Luna: An AI Assistant That Works While I Sleep

Luna monitors, follows up, and takes action on her own—powered by a local LLM and a team of background agents.

Posted Jan 31, 2026 Updated Jan 31, 2026

By Ovidiu Dan

4 min read

Luna is an always-on AI assistant built for one user: me. She keeps her own memory updated, searches the web, analyzes YouTube videos, runs Python code in a sandbox, manages a team of background agents that check on things while I’m away, and texts me via Signal when something needs my attention. She runs entirely locally on the MiniMax M2.1 model on my AI workstation.

Luna builds up knowledge about me over time as we talk. She stores documents like “User Profile”, “Whidbey Island Favorite Places”, and “Entertainment Preferences”. She knows my family members’ names and birthdays, my favorite restaurant, what video games I like. When I mention something new, she decides whether to create a new memory or update an existing one. That’s how she knew which restaurant I meant and could look up its current rating.

Background Tasks

Ask Luna to “check something every month” and she creates a task that runs on its own:

  
schedule_background_task(
    interval="30 days",
    task="Search for new/upcoming theater musicals at Village Theatre, 
          Paramount Theatre, and 5th Avenue Theatre in the Seattle area. 
          Compile a report with show titles, dates, ticket links, 
          and brief descriptions."
)

Tasks persist across restarts. If Luna goes down and comes back up, she picks up where she left off. If a task was supposed to run while she was offline, it runs once on startup—no spam of catch-up notifications.

Each task agent remembers what it already told me. When it runs again, it compares new findings against that history and only reports the diff—genuinely new information. If nothing changed, it stays quiet. Nobody wants “I checked and found nothing” every hour.

Tools

Luna has access to several tools, and background tasks can use them too.

Web Search — Uses Gemini’s grounding to search the web and return answers with source URLs.

YouTube Analysis — Gemini ingests video audio and visuals. Ask Luna to summarize a video, answer questions about specific moments, or extract names and products mentioned.

Maps Search — Location-aware queries. “Best ramen near me” returns places with descriptions and Google Maps links.

Python Sandbox — Sandboxed code execution via Anthropic’s runtime. Numpy, pandas, matplotlib, scipy available. No network access.

Persistent Memory — Stores and updates documents about me over time, as described above.

Signal Integration

Luna can text me:

python main.py --signal --signal-phone +14155551234

When I create a task via Signal, Luna saves my phone number.
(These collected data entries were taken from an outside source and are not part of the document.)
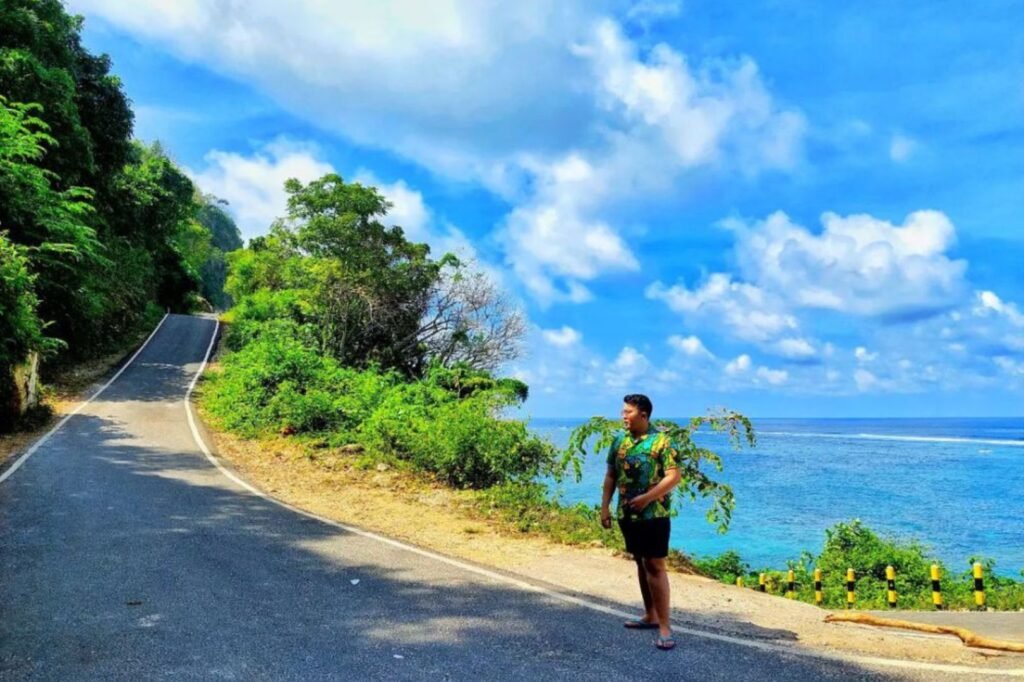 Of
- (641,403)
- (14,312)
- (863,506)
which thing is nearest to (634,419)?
(641,403)

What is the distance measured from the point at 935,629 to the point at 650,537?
296cm

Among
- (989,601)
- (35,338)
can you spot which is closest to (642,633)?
(989,601)

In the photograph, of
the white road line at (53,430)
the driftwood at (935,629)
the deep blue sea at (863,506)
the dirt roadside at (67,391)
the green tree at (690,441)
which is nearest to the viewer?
the driftwood at (935,629)

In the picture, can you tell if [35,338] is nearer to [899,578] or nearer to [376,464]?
[376,464]

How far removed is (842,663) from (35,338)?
16.3 meters

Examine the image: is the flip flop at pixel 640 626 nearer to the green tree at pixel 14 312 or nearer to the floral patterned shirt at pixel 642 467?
the floral patterned shirt at pixel 642 467

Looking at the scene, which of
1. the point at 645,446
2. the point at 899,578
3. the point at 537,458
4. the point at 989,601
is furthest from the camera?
the point at 899,578

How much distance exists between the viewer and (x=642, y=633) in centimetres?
525

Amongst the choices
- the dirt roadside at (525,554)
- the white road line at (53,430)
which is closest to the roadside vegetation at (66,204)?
the white road line at (53,430)

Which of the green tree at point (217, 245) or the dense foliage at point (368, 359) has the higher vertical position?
the green tree at point (217, 245)

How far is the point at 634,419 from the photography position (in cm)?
519

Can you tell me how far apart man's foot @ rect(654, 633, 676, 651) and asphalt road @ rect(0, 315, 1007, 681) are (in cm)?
7

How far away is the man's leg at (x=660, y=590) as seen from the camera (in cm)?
504

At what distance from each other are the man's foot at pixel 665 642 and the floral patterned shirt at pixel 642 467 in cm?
88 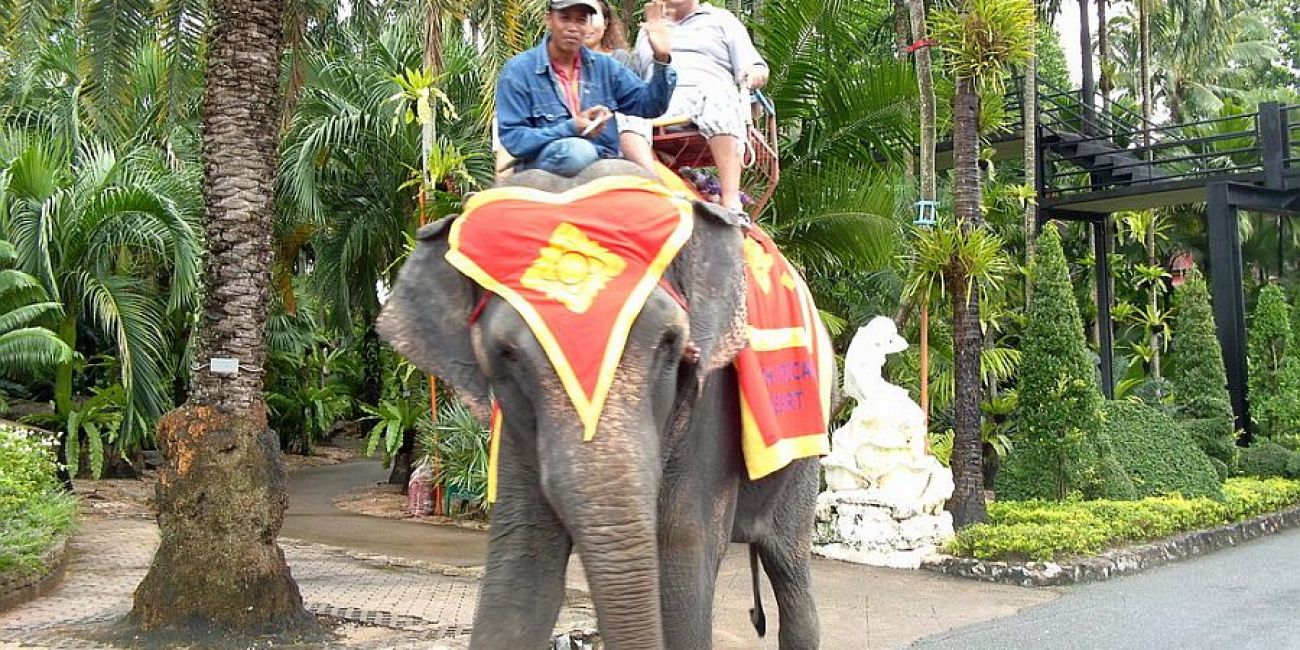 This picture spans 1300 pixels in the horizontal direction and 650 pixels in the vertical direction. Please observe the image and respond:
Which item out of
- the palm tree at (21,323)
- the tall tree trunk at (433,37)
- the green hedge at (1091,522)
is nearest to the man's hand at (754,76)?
the tall tree trunk at (433,37)

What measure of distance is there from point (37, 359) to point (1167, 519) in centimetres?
1236

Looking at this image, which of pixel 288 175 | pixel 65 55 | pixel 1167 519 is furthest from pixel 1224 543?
pixel 65 55

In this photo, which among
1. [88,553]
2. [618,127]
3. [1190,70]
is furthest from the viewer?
[1190,70]

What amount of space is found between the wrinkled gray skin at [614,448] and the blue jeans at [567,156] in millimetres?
48

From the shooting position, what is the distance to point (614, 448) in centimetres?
301

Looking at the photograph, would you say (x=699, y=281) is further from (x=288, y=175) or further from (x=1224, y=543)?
(x=288, y=175)

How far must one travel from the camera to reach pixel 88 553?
11.2m

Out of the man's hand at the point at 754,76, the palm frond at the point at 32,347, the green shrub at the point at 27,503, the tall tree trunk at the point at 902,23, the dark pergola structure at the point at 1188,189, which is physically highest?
the tall tree trunk at the point at 902,23

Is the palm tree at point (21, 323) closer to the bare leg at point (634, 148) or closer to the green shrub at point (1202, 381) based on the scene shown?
the bare leg at point (634, 148)

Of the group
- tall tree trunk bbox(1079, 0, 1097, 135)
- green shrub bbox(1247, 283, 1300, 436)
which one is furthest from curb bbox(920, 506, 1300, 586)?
tall tree trunk bbox(1079, 0, 1097, 135)

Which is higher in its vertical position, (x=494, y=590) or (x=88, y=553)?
(x=494, y=590)

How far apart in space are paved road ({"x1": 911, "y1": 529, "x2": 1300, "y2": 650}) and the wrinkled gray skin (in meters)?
4.44

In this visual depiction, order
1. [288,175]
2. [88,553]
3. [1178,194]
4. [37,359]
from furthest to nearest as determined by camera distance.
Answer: [1178,194] < [288,175] < [37,359] < [88,553]

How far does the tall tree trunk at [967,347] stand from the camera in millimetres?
12008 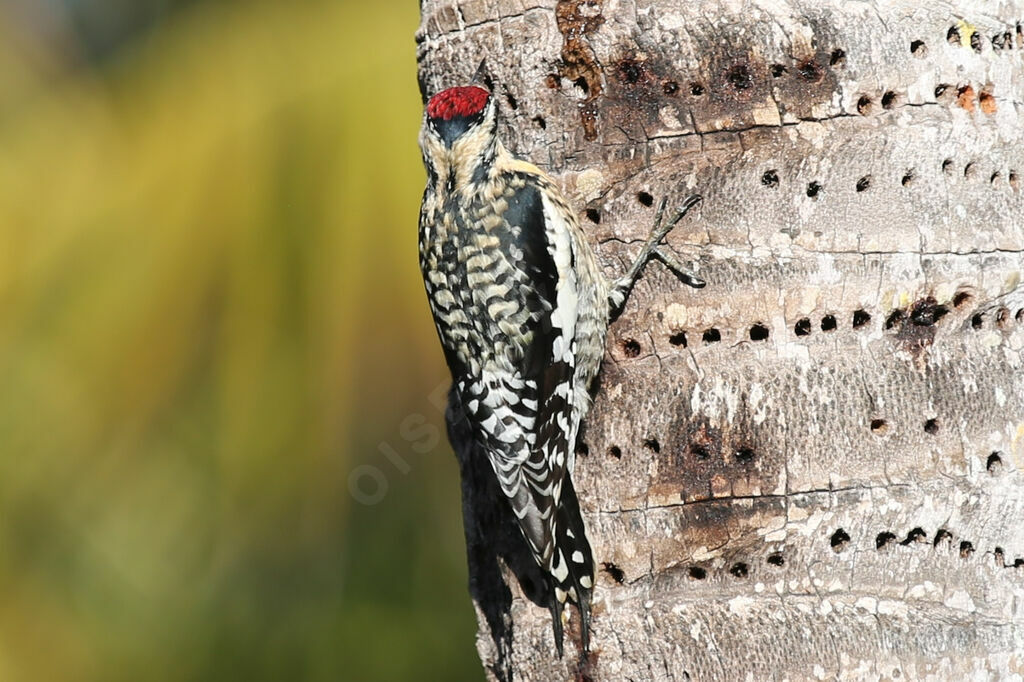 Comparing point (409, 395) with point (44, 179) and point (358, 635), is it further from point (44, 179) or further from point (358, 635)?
point (44, 179)

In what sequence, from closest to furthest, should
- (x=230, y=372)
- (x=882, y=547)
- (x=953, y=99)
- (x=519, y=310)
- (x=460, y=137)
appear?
(x=882, y=547), (x=953, y=99), (x=460, y=137), (x=519, y=310), (x=230, y=372)

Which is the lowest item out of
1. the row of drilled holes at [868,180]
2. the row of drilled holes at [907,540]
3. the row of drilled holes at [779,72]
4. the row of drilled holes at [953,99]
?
the row of drilled holes at [907,540]

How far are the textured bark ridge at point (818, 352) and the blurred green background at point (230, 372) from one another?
148 centimetres

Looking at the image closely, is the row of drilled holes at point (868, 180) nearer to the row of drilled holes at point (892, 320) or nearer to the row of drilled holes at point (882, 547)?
the row of drilled holes at point (892, 320)

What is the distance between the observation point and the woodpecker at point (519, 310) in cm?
257

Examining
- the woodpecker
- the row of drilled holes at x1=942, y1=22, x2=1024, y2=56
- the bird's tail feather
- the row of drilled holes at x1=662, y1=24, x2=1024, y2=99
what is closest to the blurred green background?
the woodpecker

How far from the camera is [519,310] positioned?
3010mm

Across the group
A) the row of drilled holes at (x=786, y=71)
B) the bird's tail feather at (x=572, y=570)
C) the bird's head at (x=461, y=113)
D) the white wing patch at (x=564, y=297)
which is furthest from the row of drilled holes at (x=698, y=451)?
the bird's head at (x=461, y=113)

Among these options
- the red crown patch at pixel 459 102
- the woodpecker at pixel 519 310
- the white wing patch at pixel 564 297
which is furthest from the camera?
the white wing patch at pixel 564 297

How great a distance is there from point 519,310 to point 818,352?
96 centimetres

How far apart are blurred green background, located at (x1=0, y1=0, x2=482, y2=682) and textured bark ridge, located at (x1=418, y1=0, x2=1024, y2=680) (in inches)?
58.1

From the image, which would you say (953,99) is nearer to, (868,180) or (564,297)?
(868,180)

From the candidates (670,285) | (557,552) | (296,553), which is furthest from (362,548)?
(670,285)

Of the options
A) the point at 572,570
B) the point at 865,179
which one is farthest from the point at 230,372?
the point at 865,179
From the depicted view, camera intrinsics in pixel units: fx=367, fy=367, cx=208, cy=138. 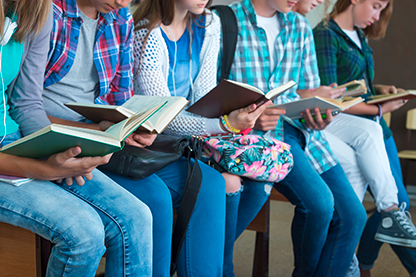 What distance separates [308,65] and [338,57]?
0.34 m

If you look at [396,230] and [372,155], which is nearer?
[396,230]

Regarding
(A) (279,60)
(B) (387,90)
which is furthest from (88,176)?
(B) (387,90)

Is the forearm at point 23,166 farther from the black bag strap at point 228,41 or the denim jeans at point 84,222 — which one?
the black bag strap at point 228,41

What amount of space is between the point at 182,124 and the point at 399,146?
294 cm

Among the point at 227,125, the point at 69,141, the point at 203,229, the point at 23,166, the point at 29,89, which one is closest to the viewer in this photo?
the point at 69,141

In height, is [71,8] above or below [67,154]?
above

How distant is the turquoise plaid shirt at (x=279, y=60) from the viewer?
4.94ft

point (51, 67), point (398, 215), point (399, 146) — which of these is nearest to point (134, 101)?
point (51, 67)

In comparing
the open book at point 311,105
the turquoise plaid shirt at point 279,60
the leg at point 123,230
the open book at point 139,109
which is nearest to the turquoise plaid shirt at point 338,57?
the turquoise plaid shirt at point 279,60

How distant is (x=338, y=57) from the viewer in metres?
1.90

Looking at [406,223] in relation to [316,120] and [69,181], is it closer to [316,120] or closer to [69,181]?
[316,120]

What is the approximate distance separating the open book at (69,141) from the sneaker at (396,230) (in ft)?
4.17

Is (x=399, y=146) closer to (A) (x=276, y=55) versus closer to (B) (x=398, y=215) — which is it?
(B) (x=398, y=215)

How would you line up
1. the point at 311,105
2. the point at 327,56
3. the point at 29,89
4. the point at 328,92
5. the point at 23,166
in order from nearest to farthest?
the point at 23,166, the point at 29,89, the point at 311,105, the point at 328,92, the point at 327,56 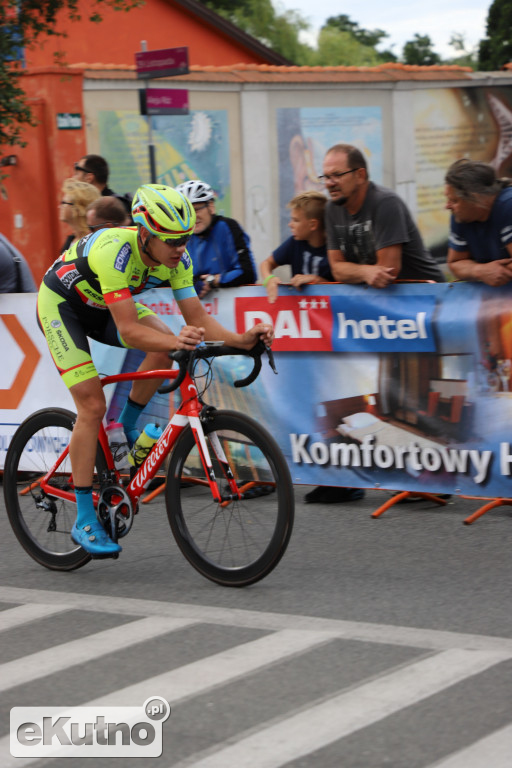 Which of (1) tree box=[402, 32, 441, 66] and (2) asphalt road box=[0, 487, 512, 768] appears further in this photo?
(1) tree box=[402, 32, 441, 66]

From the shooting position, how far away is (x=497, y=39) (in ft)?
140

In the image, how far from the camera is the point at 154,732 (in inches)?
154

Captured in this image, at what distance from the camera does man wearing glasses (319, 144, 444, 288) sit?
23.8ft

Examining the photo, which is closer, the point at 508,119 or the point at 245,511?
the point at 245,511

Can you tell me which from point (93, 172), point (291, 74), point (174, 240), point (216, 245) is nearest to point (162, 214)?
point (174, 240)

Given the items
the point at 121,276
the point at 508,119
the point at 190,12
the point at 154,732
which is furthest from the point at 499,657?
the point at 190,12

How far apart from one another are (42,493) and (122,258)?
1482 mm

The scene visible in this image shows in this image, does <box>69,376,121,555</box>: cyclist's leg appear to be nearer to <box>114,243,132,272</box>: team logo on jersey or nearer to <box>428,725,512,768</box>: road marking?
<box>114,243,132,272</box>: team logo on jersey

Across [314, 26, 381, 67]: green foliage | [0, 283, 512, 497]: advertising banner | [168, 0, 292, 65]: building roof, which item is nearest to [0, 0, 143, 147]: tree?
[0, 283, 512, 497]: advertising banner

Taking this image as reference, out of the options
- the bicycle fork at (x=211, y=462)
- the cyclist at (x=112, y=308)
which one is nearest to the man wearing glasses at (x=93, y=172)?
the cyclist at (x=112, y=308)

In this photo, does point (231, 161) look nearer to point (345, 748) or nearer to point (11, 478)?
point (11, 478)

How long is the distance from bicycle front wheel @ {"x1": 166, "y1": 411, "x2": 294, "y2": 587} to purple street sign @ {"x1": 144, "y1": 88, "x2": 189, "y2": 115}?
6651 millimetres

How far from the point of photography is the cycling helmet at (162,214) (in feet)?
17.7

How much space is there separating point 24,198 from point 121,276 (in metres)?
14.2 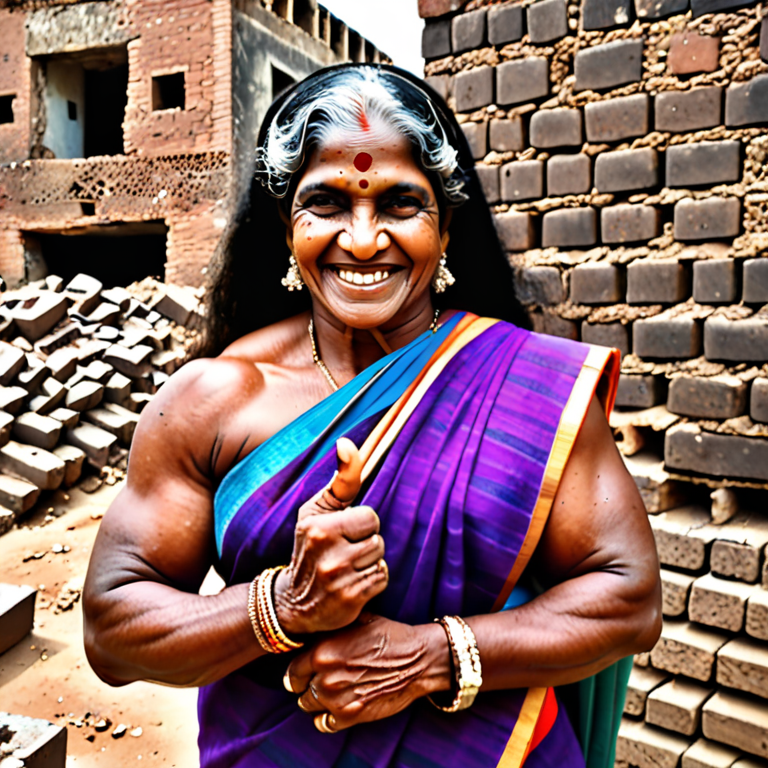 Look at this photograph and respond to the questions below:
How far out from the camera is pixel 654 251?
2775 millimetres

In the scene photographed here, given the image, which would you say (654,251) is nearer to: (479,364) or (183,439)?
(479,364)

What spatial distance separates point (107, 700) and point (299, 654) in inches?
125

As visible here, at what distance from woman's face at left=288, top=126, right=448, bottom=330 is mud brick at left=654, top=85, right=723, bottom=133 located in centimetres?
166

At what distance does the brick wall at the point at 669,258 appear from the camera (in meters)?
2.57

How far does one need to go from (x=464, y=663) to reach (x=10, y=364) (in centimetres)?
713

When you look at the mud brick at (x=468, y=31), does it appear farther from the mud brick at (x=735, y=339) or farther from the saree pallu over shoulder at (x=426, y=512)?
the saree pallu over shoulder at (x=426, y=512)

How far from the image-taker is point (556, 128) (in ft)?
9.55

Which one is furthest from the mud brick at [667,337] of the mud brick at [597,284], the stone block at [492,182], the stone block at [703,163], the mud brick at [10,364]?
the mud brick at [10,364]

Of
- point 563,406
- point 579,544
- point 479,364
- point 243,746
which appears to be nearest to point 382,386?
point 479,364

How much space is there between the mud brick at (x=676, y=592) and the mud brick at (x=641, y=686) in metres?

Hours later when the task finds something, she texts me directly.

Example: Theater Monitoring

Every month, Luna checks what’s coming up at my local theaters and sends me a summary via Signal:

Luna: Here's your theater report! A few highlights:

Hot right now:
• 9 to 5 at Village Theatre (Everett) - running until Feb 8
• Spamalot at 5th Avenue - Feb 4-15
• A Beautiful Noise (Neil Diamond) at Paramount - Jan 13-18

Coming soon:
• The Wiz at Paramount (Feb 10-15) - the new touring production
• Grease at Village Theatre Issaquah (Mar 24 - May 3)

Big ones to watch:
• Les Misérables at Paramount (Apr 7-19)
• Phantom of the Opera at Paramount (May 13-24)

The task ran in the background, searched the web, compiled the report, and texted me. I didn’t have to remember to check.

The Stack

FastAPI — Python web framework exposing OpenAI-compatible endpoints
vLLM — Local LLM inference backend running MiniMax M2.1
Gemini APIs — Powers web search, Maps search, and YouTube analysis via grounding
Anthropic Sandbox Runtime — Isolated Python execution with numpy, pandas, matplotlib, scipy
Signal CLI REST API — Mobile messaging via Docker
MCP servers — Extensible tool access (filesystem, etc.)
JSON files — Simple persistence for tasks and memory

Why Local?

Running against a local LLM means background tasks can burn through millions of tokens without API costs adding up. A task checking something every 5 minutes for a month is a lot of inference. With local hardware, the marginal cost is zero.

More importantly, I control everything. The orchestrator logic, task scheduling, memory system, tool integrations—all of it is code I can change. When I want Luna to behave differently, I edit the prompts or add tools. No waiting for a provider to ship a feature.

The goal is an assistant that handles ongoing responsibilities, not just one-off questions.

This post is licensed under CC BY 4.0 by the author.